Le corps municipal, dès qu’il eut connaissance, vers onze heures du matin, des deux assassinats, députa trois de ses membres munis de pleins pouvoirs, pour rétablir l’ordre. De forts détachements accompagnaient les officiers municipaux. Vers deux heures, la nouvelle se répandit qu’on avait jeté des pierres à la garde nationale. Le conseil municipal fit à l’instant proclamer la loi martiale sur la place de Grève, et suspendre le drapeau rouge à la principale fenêtre de l’Hôtel de Ville. À cinq heures trente minutes, au moment où le corps municipal se mettait en route pour le Champ-de-Mars, les trois conseillers, envoyés le matin sur le lieu du désordre, rentrèrent accompagnés d’une députation de douze personnes, prises parmi les pétitionnaires. Les explications, échangées de part et d’autre, donnèrent lieu à une nouvelle délibération du conseil. La première décision fut maintenue, et à six heures la municipalité se mit en marche avec le drapeau rouge, trois pièces de canon, et de nombreux détachements de la garde nationale.

Bailly, chef de la municipalité, se trouva alors dans une de ces situations solennelles et périlleuses, où un homme devient responsable aux yeux de tout un pays, aux yeux de la postérité, des actes irréfléchis ou coupables de la multitude passionnée qui l’entoure, qu’il connaît à peine et sur laquelle il n’a presque point d’action.

La garde nationale, à ces premières époques de la révolution, était fort difficile à conduire et à gouverner. Dans ses rangs, l’insubordination paraissait la règle ; l’obéissance hiérarchique, la très-rare exception. Ma réflexion semblera peut-être sévère : eh ! Messieurs, parcourez les écrits du temps, la Correspondance de Grimm, par exemple, et vous verrez, à la date de novembre 1790, un capitaine démissionnaire répondant à sa compagnie désolée : «Consolez-vous, mes camarades, je ne vous quitte pas ; seulement, je serai désormais simple fusilier. Si vous me voyez résolu à ne plus rester votre chef, c’est que je suis bien aise de commander à mon tour. »

Il est permis, en outre, de supposer que la garde nationale de 1791 manquait, en présence des attroupements, de cette patience, de cette longanimité dont la troupe de ligne française a donné souvent de si parfaits modèles. Elle ne comprenait pas assez que, dans une grande ville, les rassemblements se composent, en majeure partie, de désœuvrés et de curieux.

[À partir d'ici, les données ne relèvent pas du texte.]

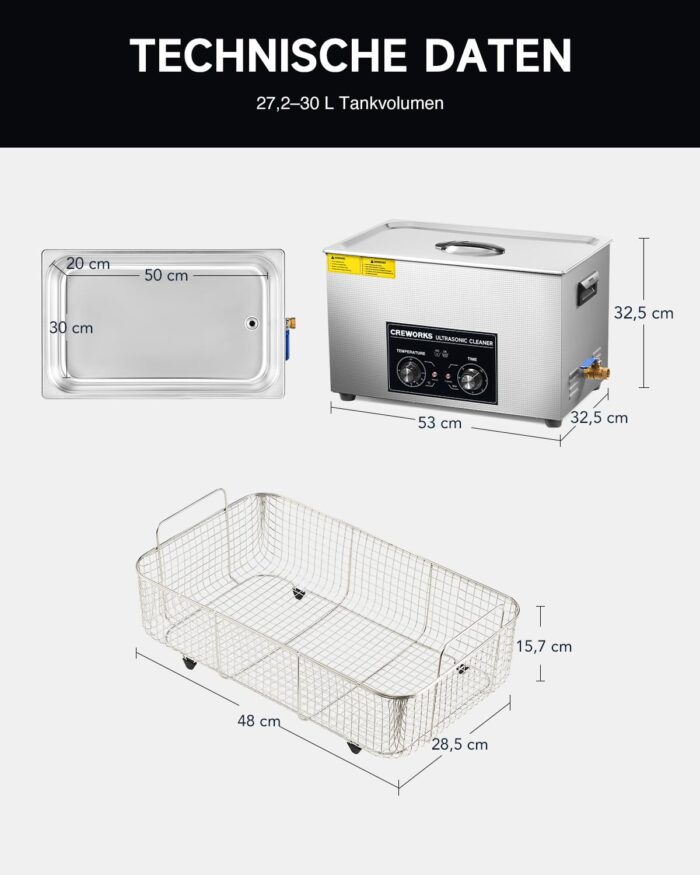 CREWORKS Ultraschallreinigungsgerät Edelstahl 30L Ultraschallreiniger 600W mit Heizung Timer Degas & Soft-Modus für Zahnprothesen Schmuck Brillen Uhren Gläser Ultraschall-Reinigungsgerät mit Knöpfen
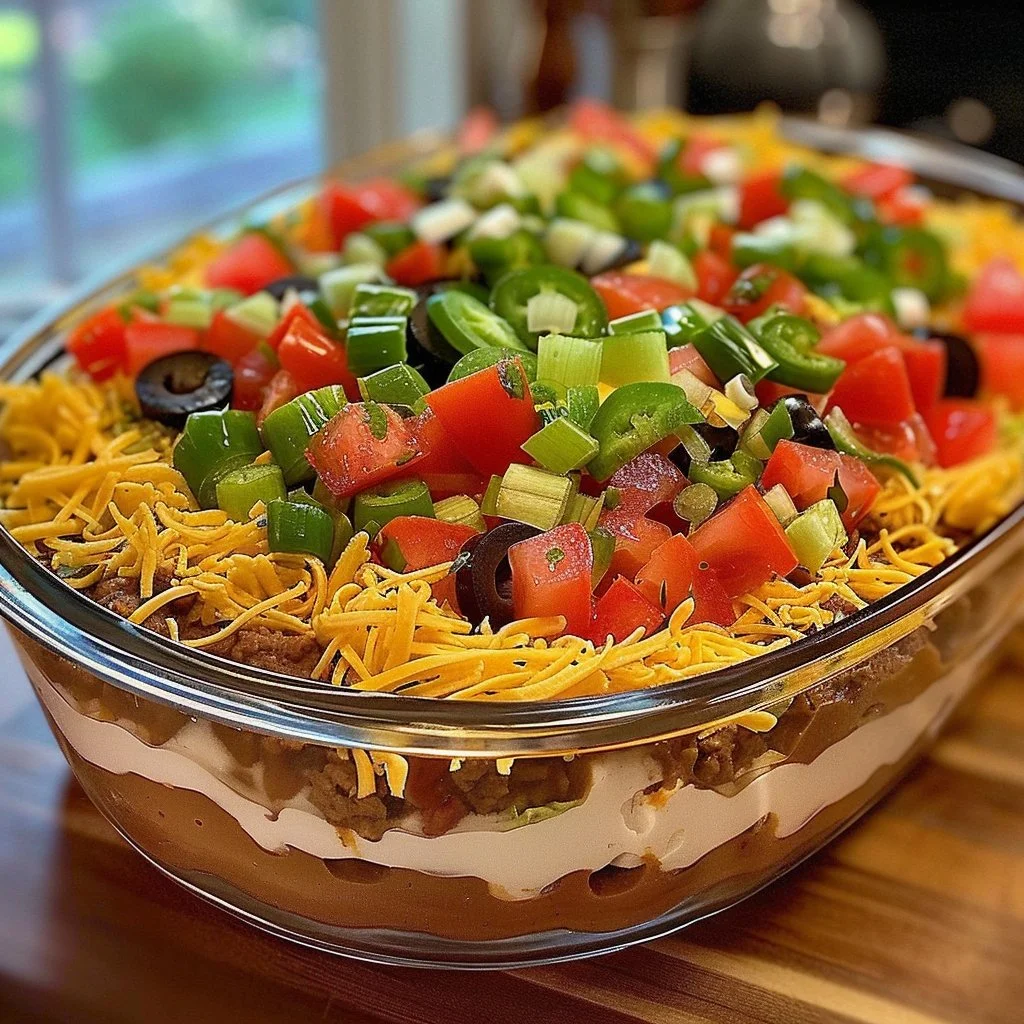 Seven-Layer Taco Dip with colorful layers of beans, cheese, and toppings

Il était sept heures trente minutes quand le corps municipal arriva au champ de la fédération (Champ-de-Mars). Aussitôt, des individus placés sur les glacis crièrent : « A bas le drapeau rouge ! à bas les baïonnettes ! » et lancèrent des pierres. Il y eut même un coup de feu. On fit une décharge en l’air pour effrayer ; mais les cris reprirent bientôt ; des pierres furent lancées de nouveau ; alors seulement commença la fusillade meurtrière de la garde nationale.

Voilà, Messieurs, le déplorable événement du Champ-de-Mars, fidèlement analysé d’après la relation que Bailly en donna lui-même le 18 juillet à l’Assemblée constituante. Ce récit, dont personne assurément moins que moi n’attaquera la sincérité, offre des lacunes involontaires, mais très-graves. Je les signalerai lorsque la marche des événements nous conduira, à la suite de notre malheureux confrère, au tribunal révolutionnaire.